Automated vs Manual Data cleansing services for big data

Data cleansing services is unavoidable for businesses. It is a meticulous process that requires expertise and experience in the particular domain. Whether they get it done manually or use automated tools, data cleansing is a must if the business wants to make use of the valuable information it has generated and extracted from reliable sources. Big data is helping businesses with critical information on customer usage and market conditions. But cleansing Big Data is also a challenge. Businesses typically spend 60% to 70% effort on cleansing the data they collect for analysis. This can be managed effectively by a competent Data cleansing services provider, saving your business precious time, effort and money. Here are some ways in which Manual and Automated data cleansing services are used for businesses:

Standardize Data

The very first step towards data cleansing is to standardize information. Form guidelines and standards for business information and train your data experts on ensuring data quality. An accomplished Data cleansing service provider India will first categorize the information to be sorted and stored. With bulk data and big data, this categorization will resolve a lot of redundancy and validation issues automatically. The database offers many in-built data validation routines that takes care of data cleansing to a great extent. Further, this information can be further scrutinized with manual checking.

Integrate Diligently

When there’s bulk information, it becomes necessary to integrate information diligently. Every business will rely upon multiple processing software tools for different processing purposes. There’ll be inventory management tool, payroll processing tool, accounting tool and budgeting tool all of which will need cleansed information. As the MIS will extract information from all of these, data integration across various systems become essential. Big data cleansing services offer seamless data integration across multiple system with data conversion as required. They make sure that the information that’s converted from various tools offers integrity and reliability.

Plan for Automation

Automation is essential in data cleansing to make the process more efficient and quick. Since many businesses have process automation already in place, data that flows through these systems automatically should also be automated to ensure seamless data flow. Automated data cleansing using advanced tools make sure that the information flow is not interrupted while the data is of utmost high quality. Data cleansing automation should be planned and executed diligently to ensure end to end data integrity across the various tools used.
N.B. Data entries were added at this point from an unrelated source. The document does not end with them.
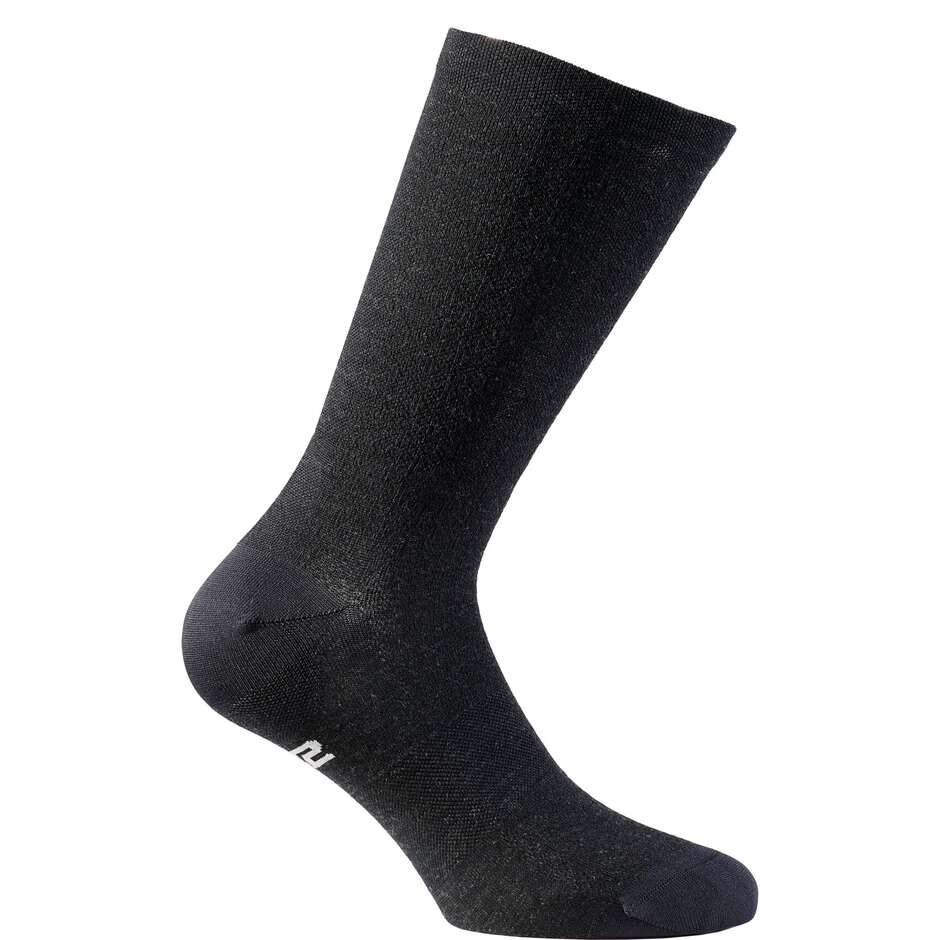 Sixs SHORT L Merino Cycling Light Sock Black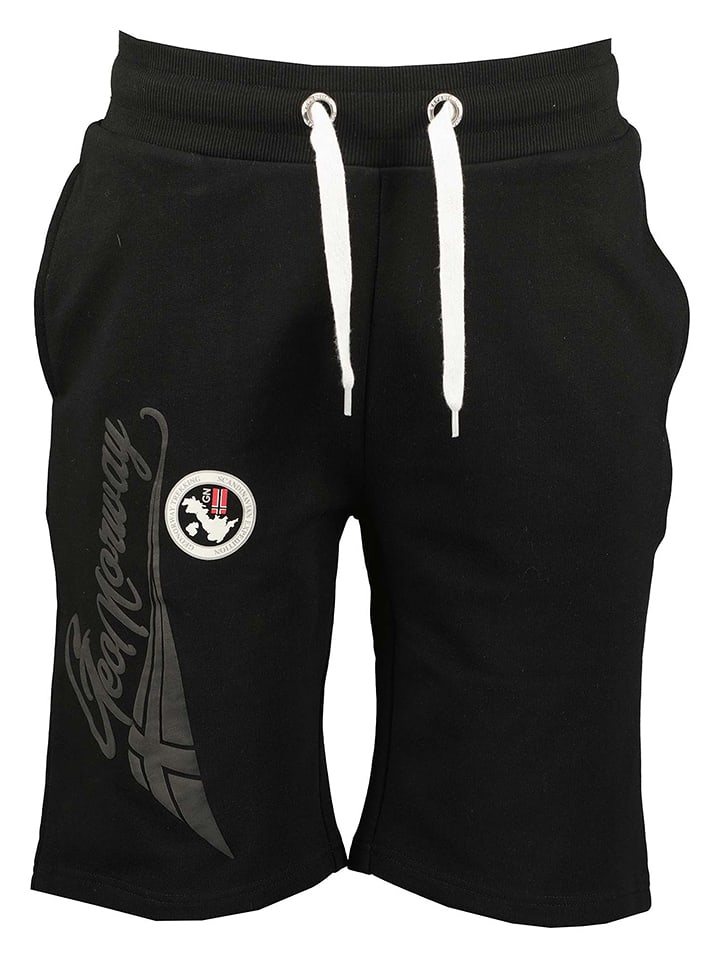 Bermudy w kolorze czarnym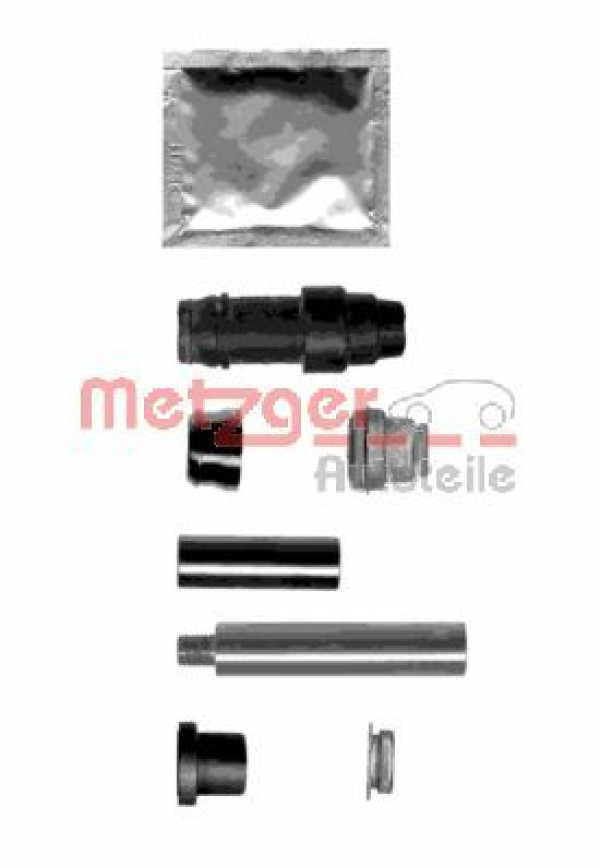 METZGER 113-1351X - Führungshülsensatz, Bremssattel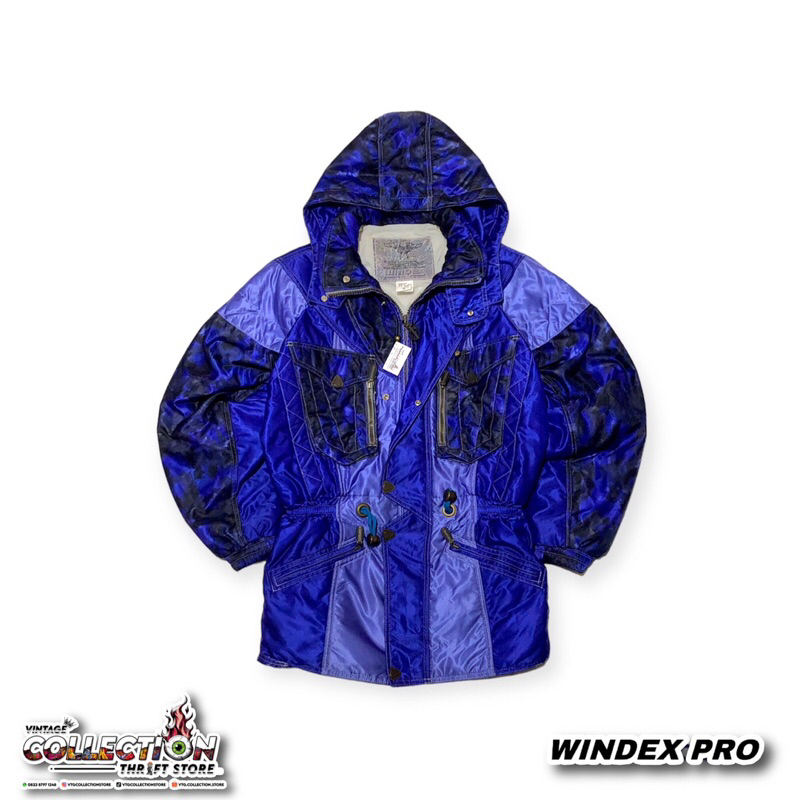 JAKET VINTAGE SNOWBOARD WINDEX PRO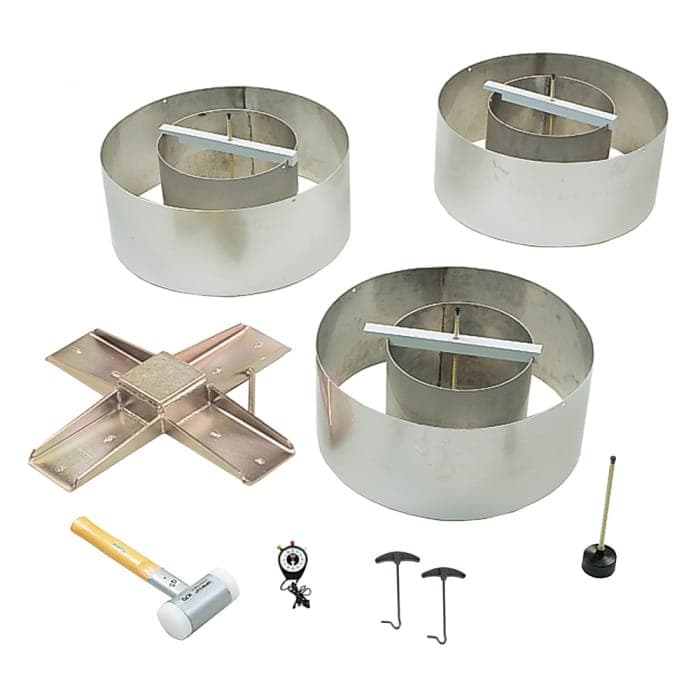 Infiltrómetro de Doble Anillo - miniatura 2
Machine Learning for Cleaner Data

When it comes to Big Data, one of the major challenges faced is natural language processing. How do you verify and cleanse the data in images, videos and audio files? This is done using advanced Machine Learning tools. Database cleansing and building services for Big Data make use of Machine Learning and Natural Language Processing tools that analyze the raw data closely to extract what’s relevant and exclude the noise. This makes data cleansing much faster and more efficient.


Big Data cleansing requires special tools and expertise. There’s quite some automation involved which comes quite expensive for small and medium enterprises. But if they want to leverage quality Big Data, they can still do that with the help of outsourcing data management services, especially for data cleansing.